Le projet de loi français, qui doit être discuté avant la fin du mois par le Conseil des ministres avant de se retrouver à l'Assemblée nationale, précisera que le «mariage est contracté par deux personnes de sexe différent ou de même sexe». Le droit à l'adoption doit être ouvert aux couples homosexuels mariés «dans un cadre identique à celui actuellement en vigueur».

M. Ayrault a précisé que certaines questions plus controversées, comme l'accès à la procréation médicalement assistée, pourraient être débattues ultérieurement dans une loi sur la famille.

Certains élus socialistes ont cependant fait savoir qu'ils espéraient faire voter un amendement afin d'élargir la portée de la loi, considérée pour l'heure comme une version «a minima» par l'Inter-LGBT.

Le gouvernement doit notamment composer avec l'opposition de l'Église catholique, qui fait campagne contre la légalisation du mariage homosexuel. L'archevêque de Lyon a soulevé une controverse récemment en disant qu'une telle mesure pourrait mener à l'acceptation de la polygamie et de l'inceste.

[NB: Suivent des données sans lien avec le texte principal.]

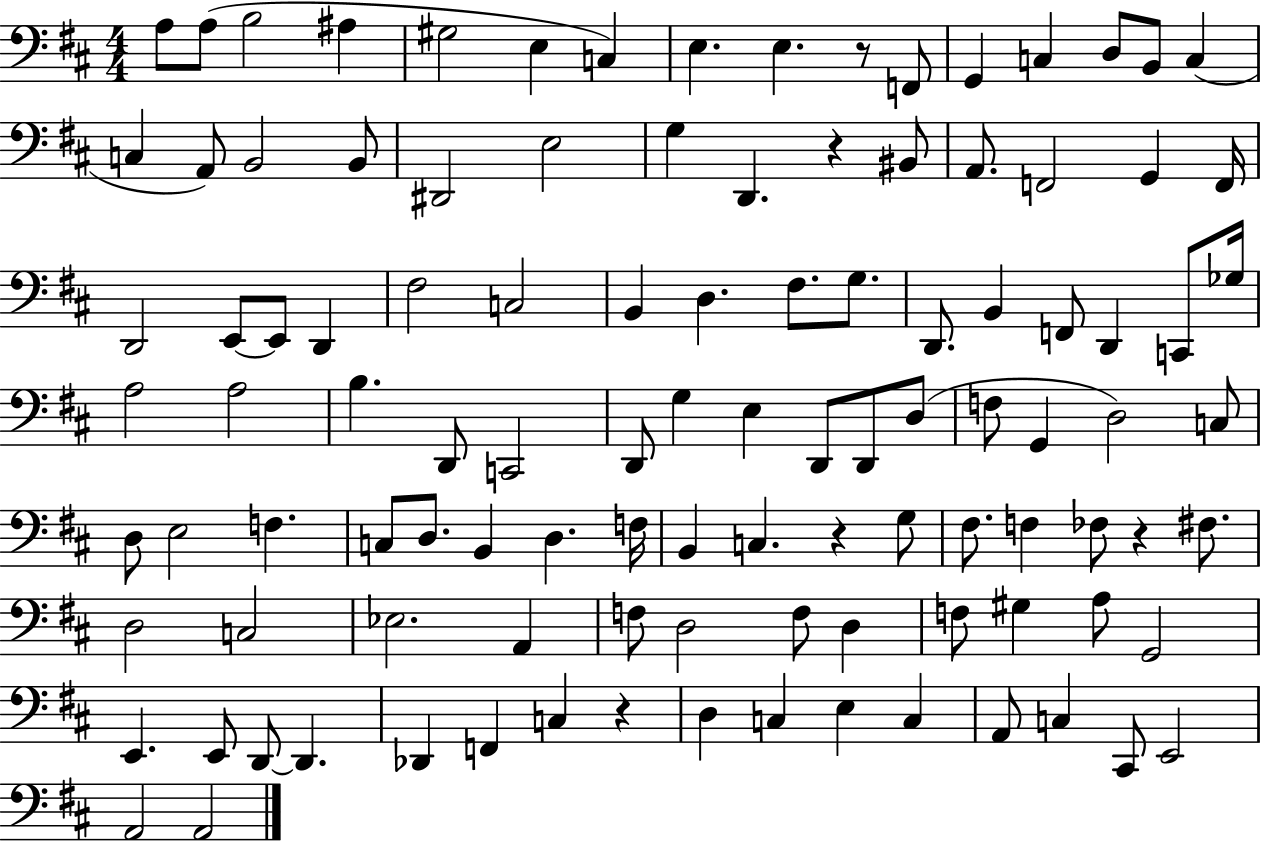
X:1
T:Untitled
M:4/4
L:1/4
K:D
A,/2 A,/2 B,2 ^A, ^G,2 E, C, E, E, z/2 F,,/2 G,, C, D,/2 B,,/2 C, C, A,,/2 B,,2 B,,/2 ^D,,2 E,2 G, D,, z ^B,,/2 A,,/2 F,,2 G,, F,,/4 D,,2 E,,/2 E,,/2 D,, ^F,2 C,2 B,, D, ^F,/2 G,/2 D,,/2 B,, F,,/2 D,, C,,/2 _G,/4 A,2 A,2 B, D,,/2 C,,2 D,,/2 G, E, D,,/2 D,,/2 D,/2 F,/2 G,, D,2 C,/2 D,/2 E,2 F, C,/2 D,/2 B,, D, F,/4 B,, C, z G,/2 ^F,/2 F, _F,/2 z ^F,/2 D,2 C,2 _E,2 A,, F,/2 D,2 F,/2 D, F,/2 ^G, A,/2 G,,2 E,, E,,/2 D,,/2 D,, _D,, F,, C, z D, C, E, C, A,,/2 C, ^C,,/2 E,,2 A,,2 A,,2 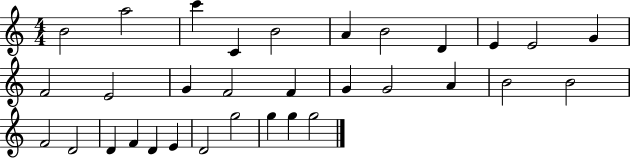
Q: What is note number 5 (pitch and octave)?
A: B4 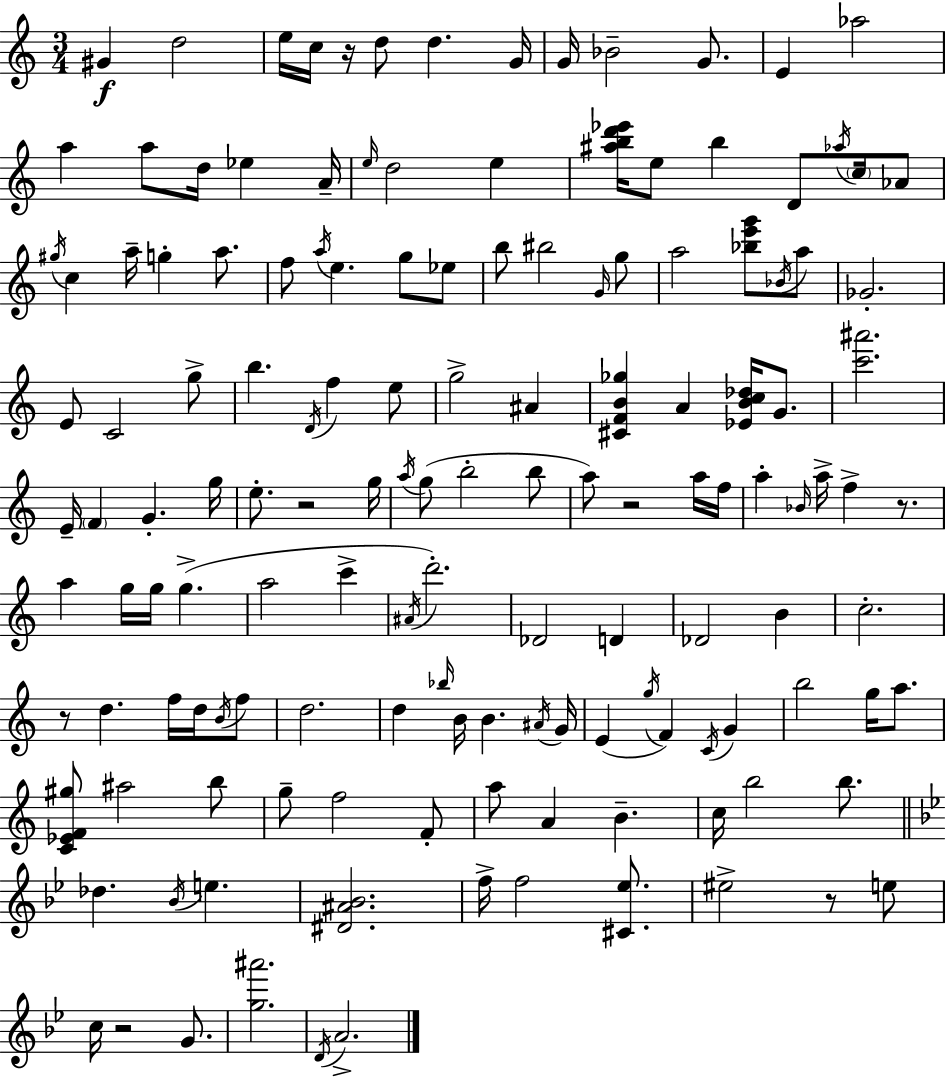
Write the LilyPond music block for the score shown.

{
  \clef treble
  \numericTimeSignature
  \time 3/4
  \key c \major
  \repeat volta 2 { gis'4\f d''2 | e''16 c''16 r16 d''8 d''4. g'16 | g'16 bes'2-- g'8. | e'4 aes''2 | \break a''4 a''8 d''16 ees''4 a'16-- | \grace { e''16 } d''2 e''4 | <ais'' b'' d''' ees'''>16 e''8 b''4 d'8 \acciaccatura { aes''16 } \parenthesize c''16 | aes'8 \acciaccatura { gis''16 } c''4 a''16-- g''4-. | \break a''8. f''8 \acciaccatura { a''16 } e''4. | g''8 ees''8 b''8 bis''2 | \grace { g'16 } g''8 a''2 | <bes'' e''' g'''>8 \acciaccatura { bes'16 } a''8 ges'2.-. | \break e'8 c'2 | g''8-> b''4. | \acciaccatura { d'16 } f''4 e''8 g''2-> | ais'4 <cis' f' b' ges''>4 a'4 | \break <ees' b' c'' des''>16 g'8. <c''' ais'''>2. | e'16-- \parenthesize f'4 | g'4.-. g''16 e''8.-. r2 | g''16 \acciaccatura { a''16 }( g''8 b''2-. | \break b''8 a''8) r2 | a''16 f''16 a''4-. | \grace { bes'16 } a''16-> f''4-> r8. a''4 | g''16 g''16 g''4.->( a''2 | \break c'''4-> \acciaccatura { ais'16 }) d'''2.-. | des'2 | d'4 des'2 | b'4 c''2.-. | \break r8 | d''4. f''16 d''16 \acciaccatura { b'16 } f''8 d''2. | d''4 | \grace { bes''16 } b'16 b'4. \acciaccatura { ais'16 } | \break g'16 e'4( \acciaccatura { g''16 } f'4) \acciaccatura { c'16 } g'4 | b''2 g''16 | a''8. <c' ees' f' gis''>8 ais''2 | b''8 g''8-- f''2 | \break f'8-. a''8 a'4 b'4.-- | c''16 b''2 | b''8. \bar "||" \break \key g \minor des''4. \acciaccatura { bes'16 } e''4. | <dis' ais' bes'>2. | f''16-> f''2 <cis' ees''>8. | eis''2-> r8 e''8 | \break c''16 r2 g'8. | <g'' ais'''>2. | \acciaccatura { d'16 } a'2.-> | } \bar "|."
} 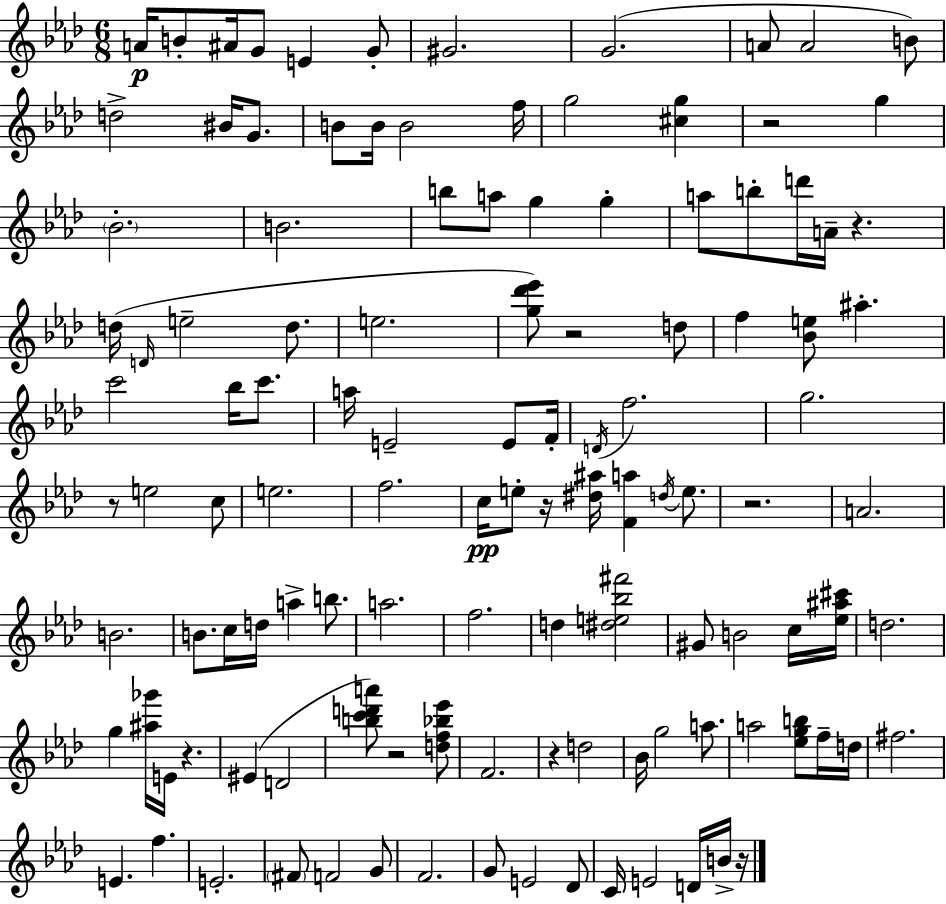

Les couples homosexuels français peuvent déjà, comme les couples hétérosexuels, se lier par un «pacte civil de solidarité» (PACS). L'élargissement de l'accès au mariage civil représente un pas de plus vers l'égalité et ne concerne en rien les organisations religieuses, note M. Gougain, qui juge déplacée leur intervention dans le dossier.

Selon un récent sondage, 65% des Français sont favorables au mariage homosexuel. La population est plus partagée sur l'adoption puisque 53% souhaitent qu'elle soit autorisée pour les couples homosexuels.